Information about Ramadan

Ramadan is the 9th month in the Islamic calendar. Because the Islamic calendar is lunar and the 12 months create a year only 354 days long, Ramadan falls at a different time each year. Over the course of approximately 33 years, Ramadan rotates through each of the four seasons, but this was not always the case. Prior to creation of a new calendar after the Great Hijrah, Ramadan always occurred during the summer months since there was an addition of another month every few years to regulate the calendar. The word Ramadan is actually Arabic for "scorcher".
Ramadan is particularly important to Muslims because it is the month when Muhammad received the revelation of the Qur'an and also because it is part of one of the Five Pillars of Islam. Practicing Siyam, or fasting, during the month of Ramadan is the fourth of the Five Pillars. This fast is required of all able-bodied Muslims who have reached puberty. If the person is ill, traveling through the desert, at war, etc., he or she is exempt from the fasting during Ramadan, but is expected to make up missed days as soon as he or she is able before the next occurrence of Ramadan. Pregnant or nursing women are not supposed to fast until such time as the child is weaned, nor are women supposed to fast during menstruation.
The fasting consists of abstinence from food, drink, and sexual intercourse from dawn until sunset each day during the month. (From the time when a white and black thread can be distinguished from one another until they cannot be distinguished.) Each day during Ramadan begins with a small meal, sahur, before dawn, and ends with another meal after sunset, ifar. Ifar is often taken in community with others; often these meals are taken at the local mosque with the company of friends, neighbors, relatives, etc. Providing ifar to others is very highly thought of in Islam, and is required of those chronically unable to participate in the fasting for whatever reason.

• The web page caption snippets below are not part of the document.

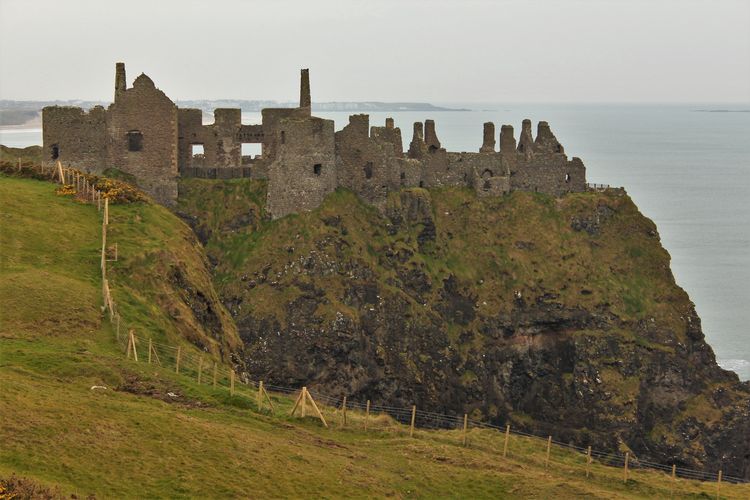 Scenic view of sea and buildings against sky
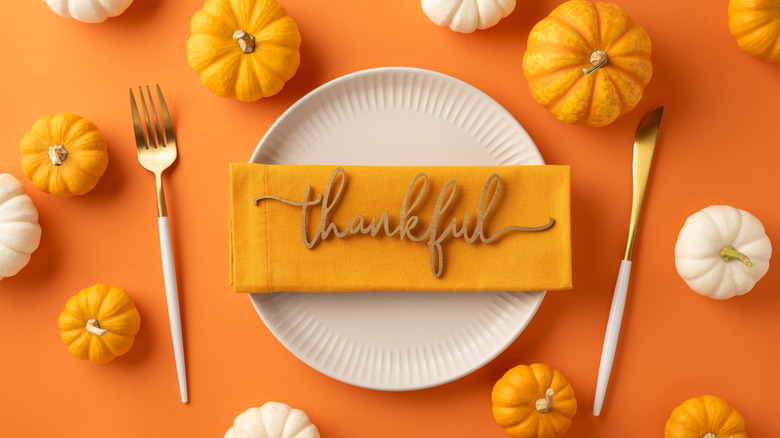 Thanksgiving table setting with small pumpkins, paper plate, and orange napkin that reads "thankful"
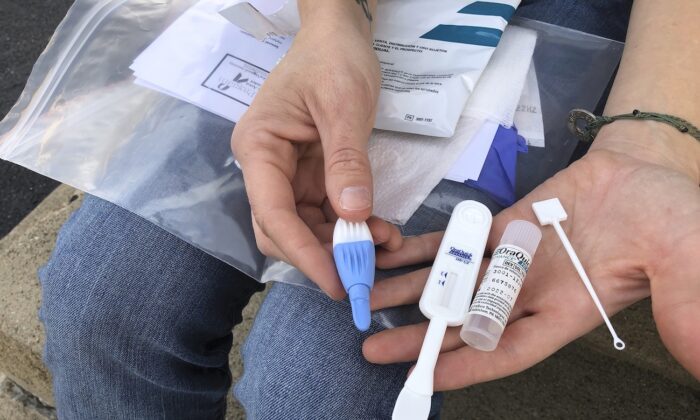 A person holds an HIV testing kit in Charleston, W.Va., on March 9, 2021. (AP Photo/John Raby)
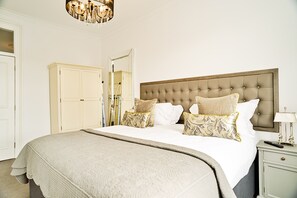 A bedroom with a large bed, a tufted headboard, and a nightstand with a lamp.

Ramadan is characterized by fasting, prayer, and charity. Muslims believe that, in addition to the fast being healthy, the practice of self-denial, even for only a short time helps make a person more in tune with the needs of those in want. In the time before Islam existed, Ramadan was a month characterized by abstinence from war, safe travel, prayer, fasting, and increased spiritual awareness. Muhammad typically ascended to Mt. Hira' during this month for prayer and meditation, and it was here that he received the revelation of the Qur'an. The most important day in Ramadan is the anniversary of Layat al-Qadr, or Night of Power, when Muhammad first received the command from Gabriel to recite. During this day many Muslims spend this night in prayer or in recitation of the Qur'an. Ramadan begins and ends with the sighting of a new moon, which must be done by at least two reliable witnesses, so Ramadan cannot be accurately predicted in advance and starts and ends at different times in different countries depending on the weather.